__GIVEN MATERIAL__:
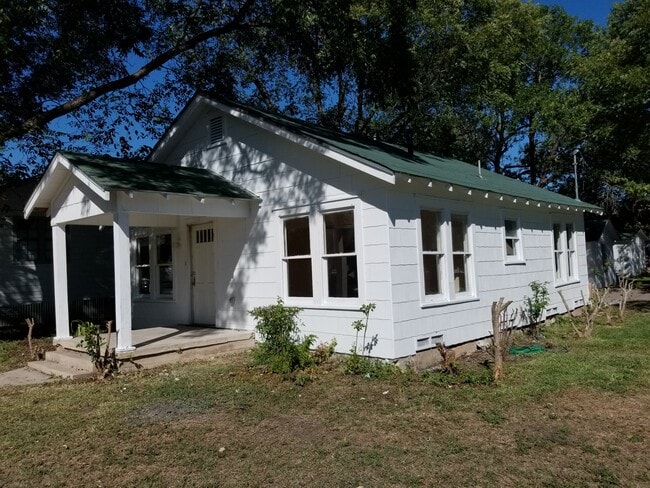 Building Photo - 602 Vernon St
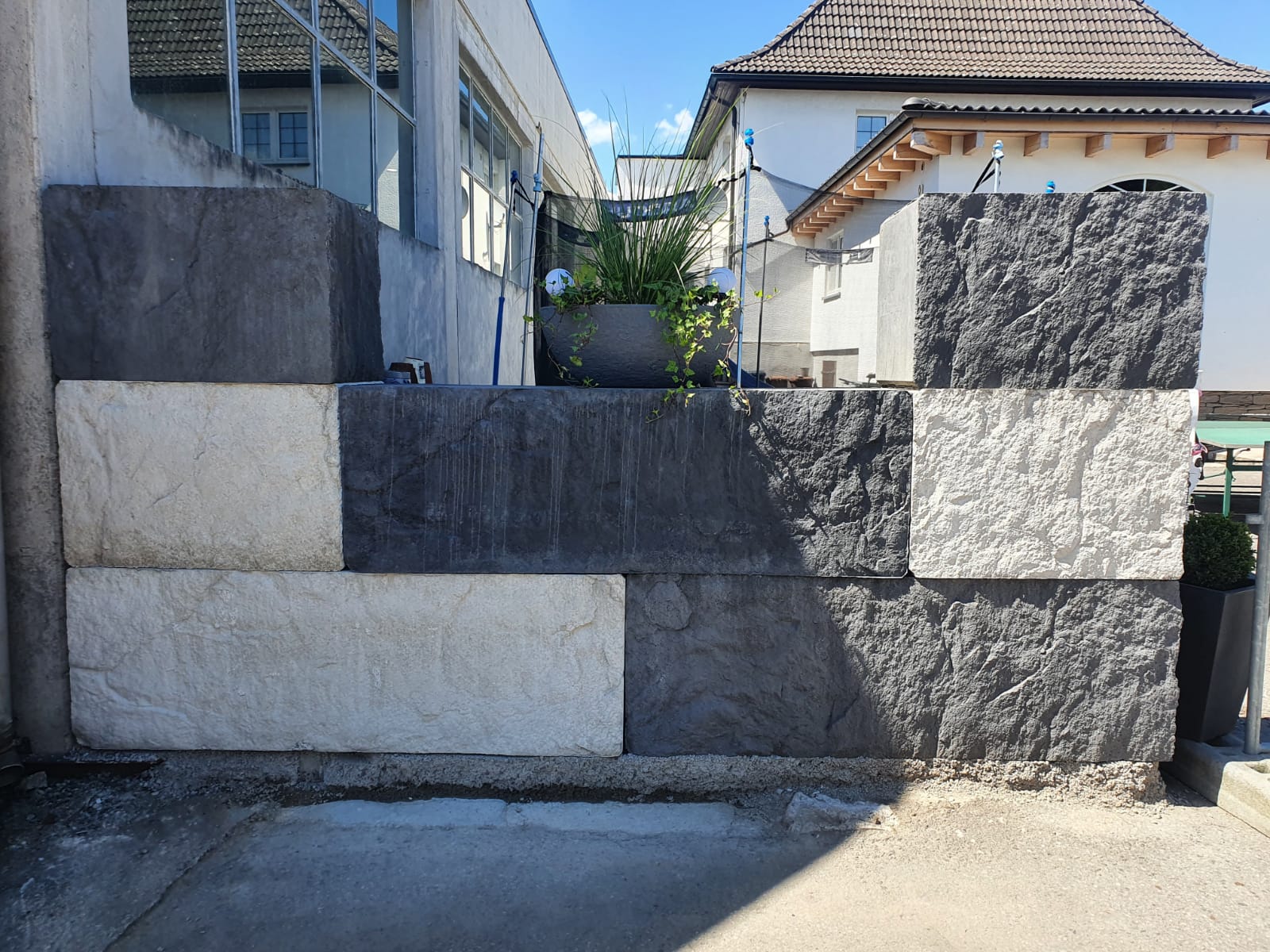 Rastersteine mit Front in Spalt-Optik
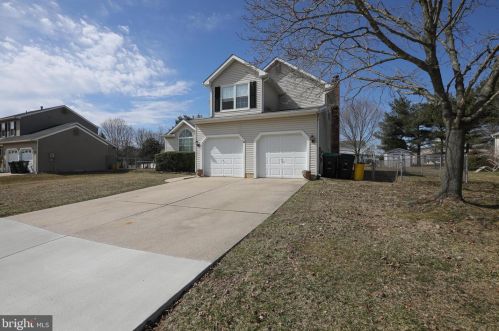 41 Covington Dr, Erial, NJ 08081-3047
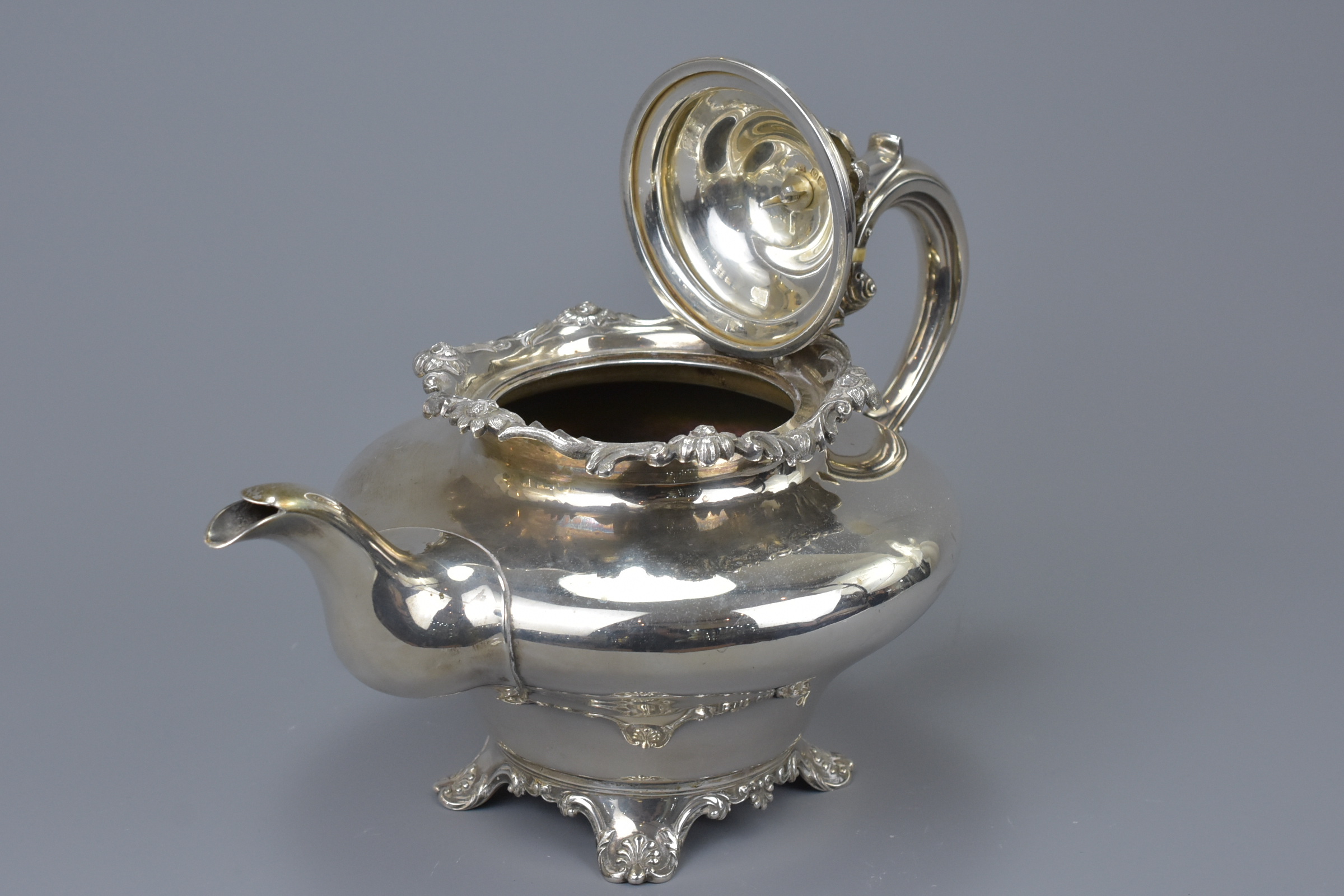An English early Victorian Silver teapot, London 1839 - Image 6 of 6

__WHAT THE EXERCISE ASKS__: Your copy should match the data exactly, apart from the images, which are dropped.

__OUTPUT FOR THIS TASK__:
 Building Photo - 602 Vernon St
 Rastersteine mit Front in Spalt-Optik
 41 Covington Dr, Erial, NJ 08081-3047
An English early Victorian Silver teapot, London 1839 - Image 6 of 6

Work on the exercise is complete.